After 17 people were killed in January during three days of violence that began with a massacre at the offices of the satirical weekly Charlie Hedbo, another 130 were killed in the Nov. 13 Paris attacks.
The government believes nearly 9,300 people in France have been radicalized and are capable of carrying out violent acts.
The anti-terror plan will cost an additional 40 million euros ($45.5 million) by 2018 in addition to the current funding and aims to ramp up existing efforts to try to help people already in extremist networks or to dissuade those likely to join such groups.
A state of emergency in France which was put in place by officials after November's Paris attacks, has been under fire by human rights' groups. The French Human Rights' League (LDH) has criticized the extension, accusing the government of becoming "hooked on the state of emergency."

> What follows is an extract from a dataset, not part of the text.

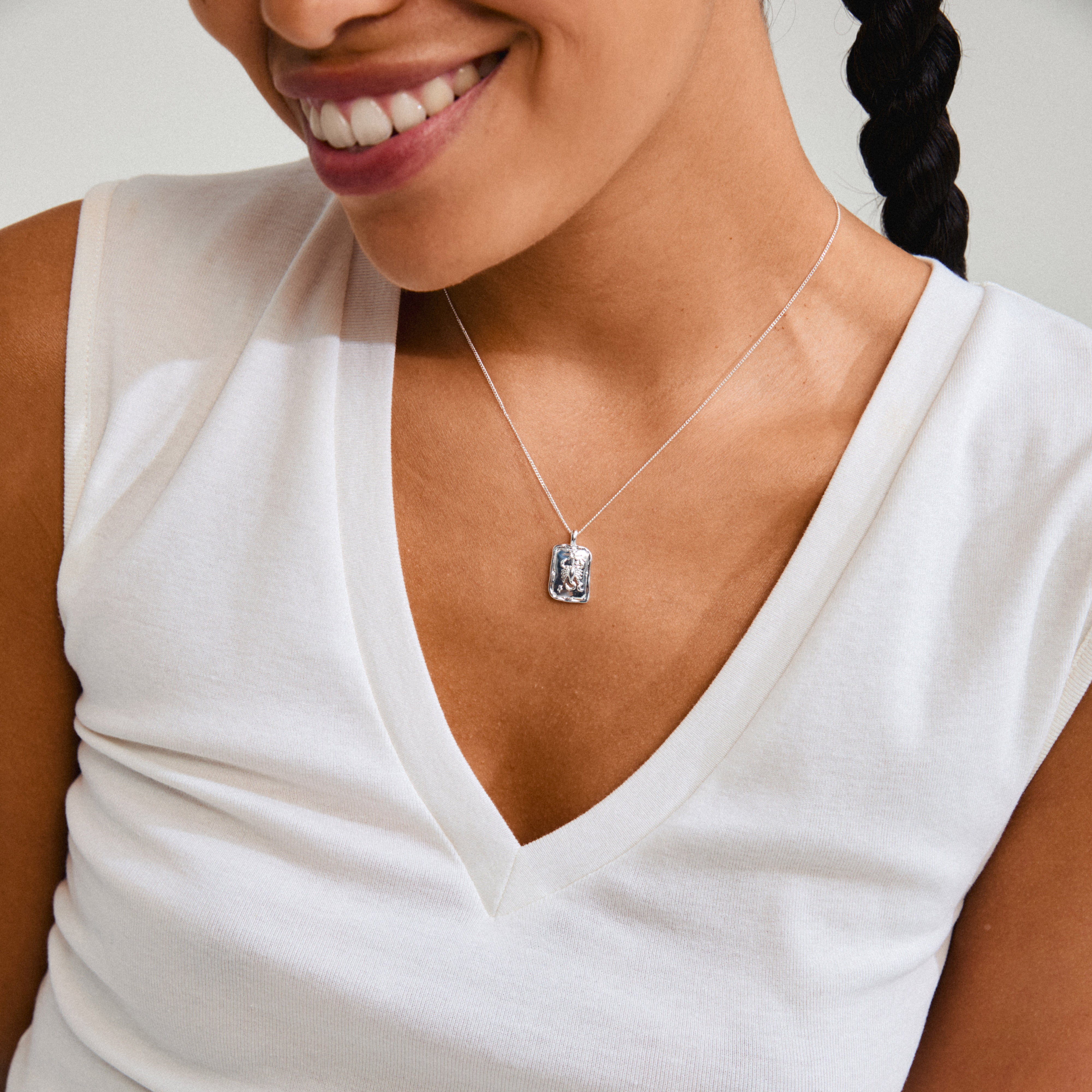 SCORPIO Zodiac Sign necklace, silver-plated, featuring a square coin pendant with a scorpion motif and sparkling constellation, worn by a smiling woman in a white shirt.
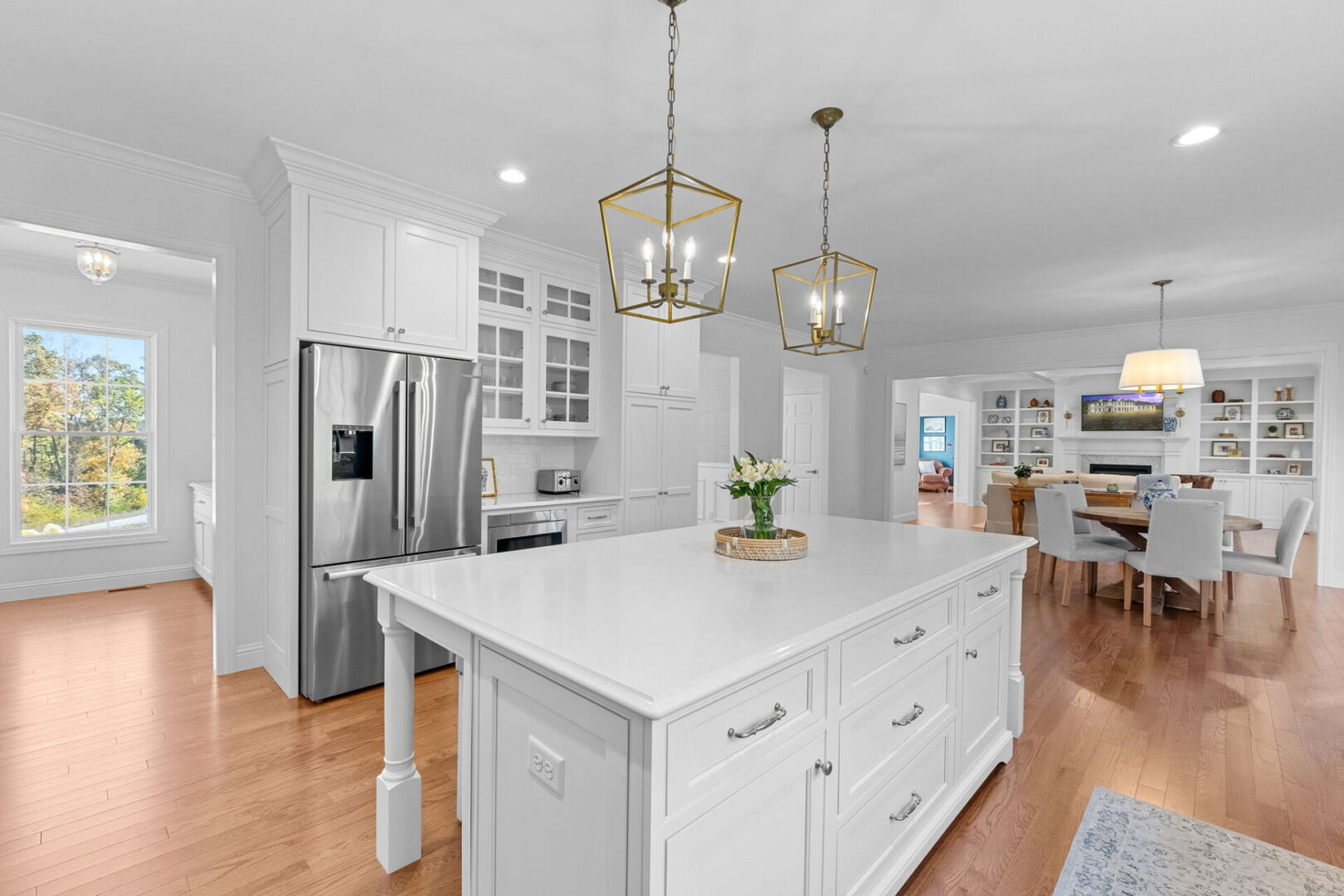 Exquisite kitchen with custom Shiloh cabinets paired with a spacious island and Cambria countertops.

In February, Amnesty International and Human Rights' Watch (HRW) published two research studies which indicated that the French police apply harsh measures with little explanation and sometimes use excessive force under the state of emergency.
Since the measures were imposed in November, some 3,500 searches have been carried out, resulting in at least 56 suspects being taken into custody and 69 people being placed under house arrest, the government said in mid-April.
Meanwhile, EU countries do not have a common definition of "terrorism" and "terrorist acts," according to a new Justice Ministry report, Anadolu Agency (AA) has learned. The report is based on close examination of the regulations and punishment regarding terrorism, terrorists, and terrorist crimes in EU countries; stemming from recent demands raised by the EU asking Turkey to revise terrorism laws in order to gain visa-free travelling access within the Schengen zone.
Dr. Mehmet Uğur Ekinci of the Turkish-based Foundation for Foundation for Political, Economic and Social Research (SETA) told AA: "The European Parliament extended its definition of terrorism after 2008 when security threats intensified, and added chapters to address such issues as training terrorists and provoking terrorist incidents."